=== Section Start ===
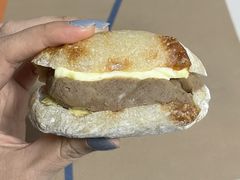 -富贵面包公司(运河店)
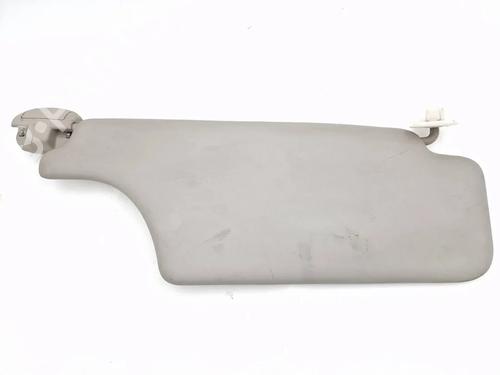 Left sun visor RENAULT MODUS / GRAND MODUS (F/JP0_) 1.5 dCi (FP0F, JP0F) | BP30346701I1 - Image 4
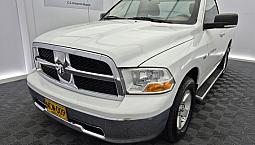 Dodge Ram 5.7 1500 Slt 4X2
=== Section End ===
* _WHAT NEEDS TO BE DONE_: Within the listing above, find the line containing "Left sun visor", then print it and every line after it exactly, leaving out pictures.

* _REPLY TO THE TASK_:
 Left sun visor RENAULT MODUS / GRAND MODUS (F/JP0_) 1.5 dCi (FP0F, JP0F) | BP30346701I1 - Image 4
 Dodge Ram 5.7 1500 Slt 4X2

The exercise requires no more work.